5/10
Valere Finds The Cosmos.
20 January 2011
Warning: Spoilers
This really belongs on the Lifetime Movie Network or someplace. Belen Fabra is the 27-year-old Valere whose only real friend is her withered grandmother, Geraldine Chaplin. At fifteen Valere has sex for the first time. She feels there's something going on but it leaves her empty. Curiosity leads her into the byways of sex. She falls in love with Jaime finally, who seems to adore her. Coincidentally, if you're finally going to love a man for the first time in your life and you're now in your twenties and want to settle down and have children and build a home (whatever that means), Jaime is your kind of guy. He's filthy rich. He drives a Jaguar.

But it wasn't long after Valere yielded her virginity and began writing in her diary about how she really need love, that I could see where the movie was headed. After fruitlessly banging dozens of guys of varying temperaments and races and quirks, she finds Jaime and everything seems to be going along swimmingly. The future is bright.

But we experienced movie viewers know that in a movie like this, tragedy is just around the corner. Alright, Jaime has a slight problem with premature ejaculation -- if two minutes is "premature" -- but he showers her with flowers and diamonds, and he moves her into an expensive new flat overlooking Barcelona and the Med beyond.

Jaime is too perfect. So what's wrong with Jaime? He's not gay (although he may be bisexual for all we know). Is he a drug dealer? A mob member? Does he have a history of fraud? There has to be SOMETHING wrong with Jaime because that's the kind of movie this is! I won't reveal Jaime's secret.

Anyway, Valere's search for the cosmos takes her into a high-end brothel where she meets yet more flawed men. Finally, after reviewing the serial tragedies of her life, she comes to the realization that true happiness lies in self acceptance. In Valere's case, this means living for the moment with sex as your most immediate and available instrument. The fact that this is where she started lies unaddressed. She marches off bravely into the rain, a big smile on her face, triumphant music swelling in the background.
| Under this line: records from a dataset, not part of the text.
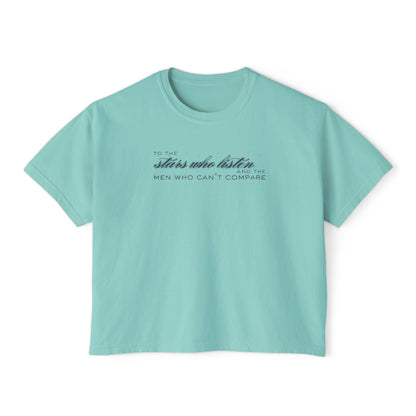 To_the_Stars_Who_Listen_and_the_Men_Who_Can_t_Compare_Chalky Mint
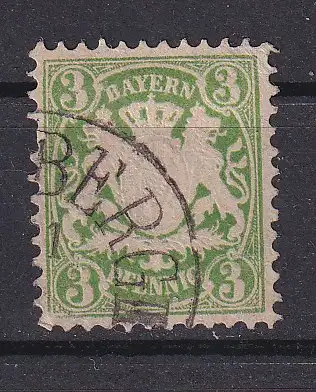 Altdeutschland Bayern  Nr 47 Gestempelt (Posten)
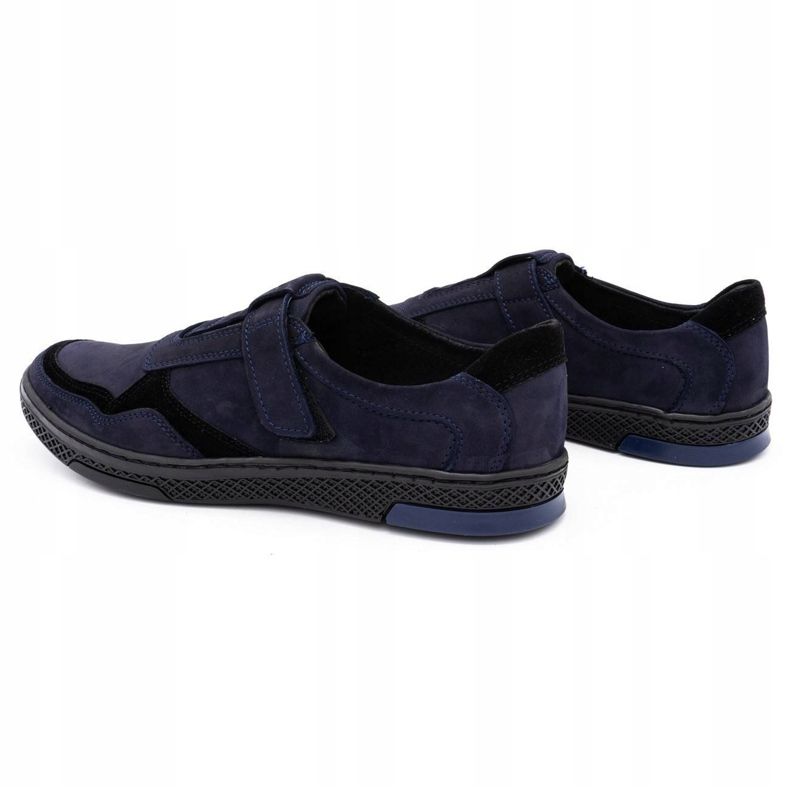 Polbut Pantofi casual din piele pentru bărbați 2102 bleumarin negru albastru marin 1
As an erotic movie, and choosing comparisons with almost identical plots, this falls somewhere between "Emmanuel" (which was funny) and "Bel de Jour" (which was pornography with class). Lots of nudity, none of it vulgar, and lots of simulated sex, ditto.
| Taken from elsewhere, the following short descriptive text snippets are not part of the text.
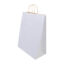 Papbag M Sac cadeau en papier, format moyen - Blanc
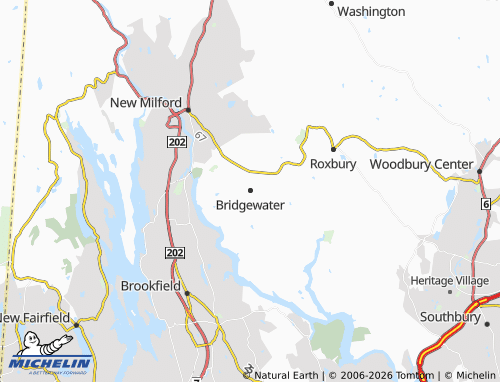 Mapa MICHELIN Bridgewater - ViaMichelin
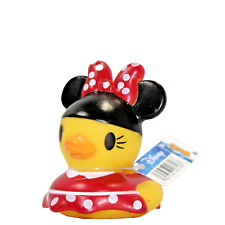 Disney's Minnie Mouse Polka Dot Dress Bow Rubber Duck Bath Toy Ducky  2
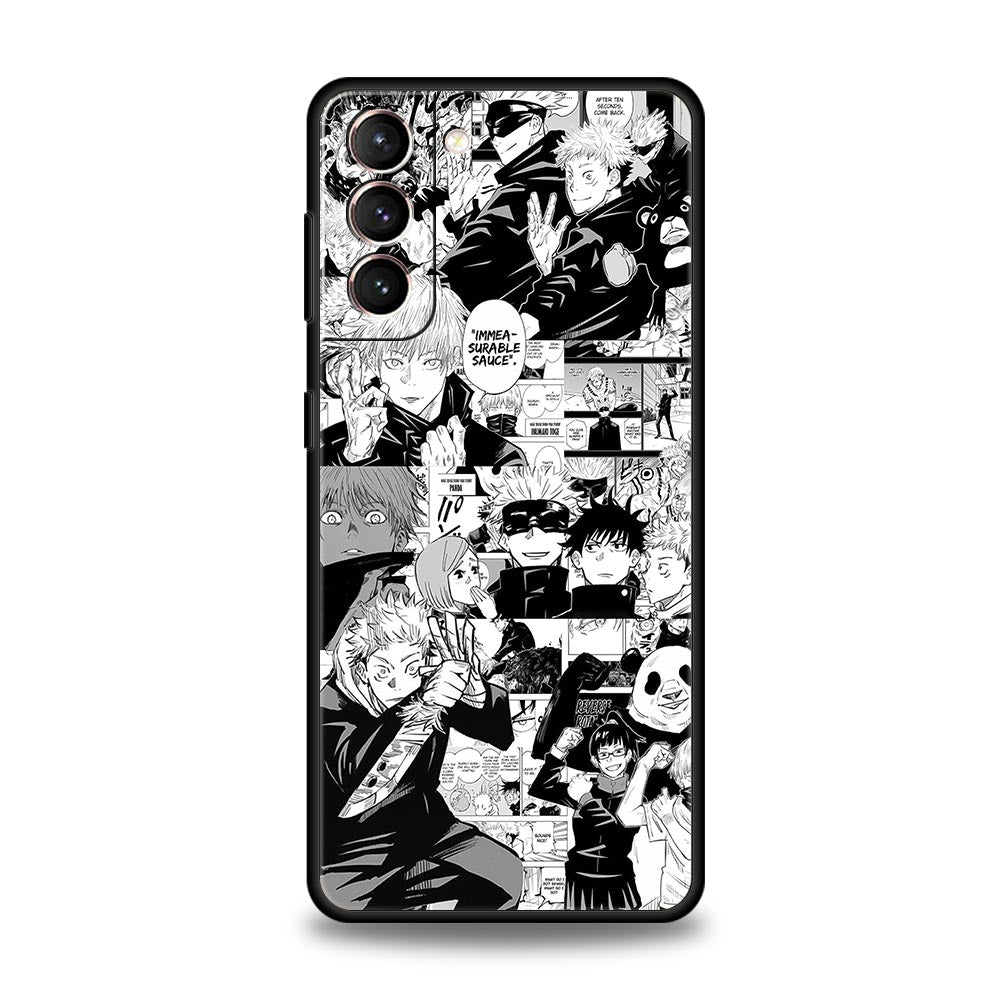 Anime Jujutsu Kaisen Case For Samsung Galaxy S20 FE S21 S22 Ultra 5G S8 S9 S10 Plus S10e S7 Edge Silicone Soft Phone Funda Cover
It's all about a woman's search for self actualization through the achievement of perfect orgasms, physical and spiritual. My, how things have changed. Why, when I was a young feller, sparking a gal, I was the one doing the pursuing. Why, I remember having to walk one hundred and fifty miles each way through the snow to visit a gal -- barefoot! We young lads was always met at the door by the gal's father, who wanted to know, right off the bat, if our intentions towards his daughter was honorable. I got so tired of saying, "Yes, sir," that once, feeling real cheeky, I said, "Absolutely not." That's how I got this scar. No, no. The one down here by the Krause end bulbs.

Overall, what the movie has is an abundance of Belen Fabra's not easily dismissible and nicely assembled nude figure. Other than that, it's a pretty tiresome bore. When Valere is making love with Jaime, she kept checking the clock to see how much longer the act would take. I found myself doing the same thing. I believe I know how Valere's physical being ends. Drawing on the logic of the plot, she finally achieves the most exquisite possible orgasm and, having nothing left to search for, she deliquesces, turns into a vapor, and vanishes into the ether.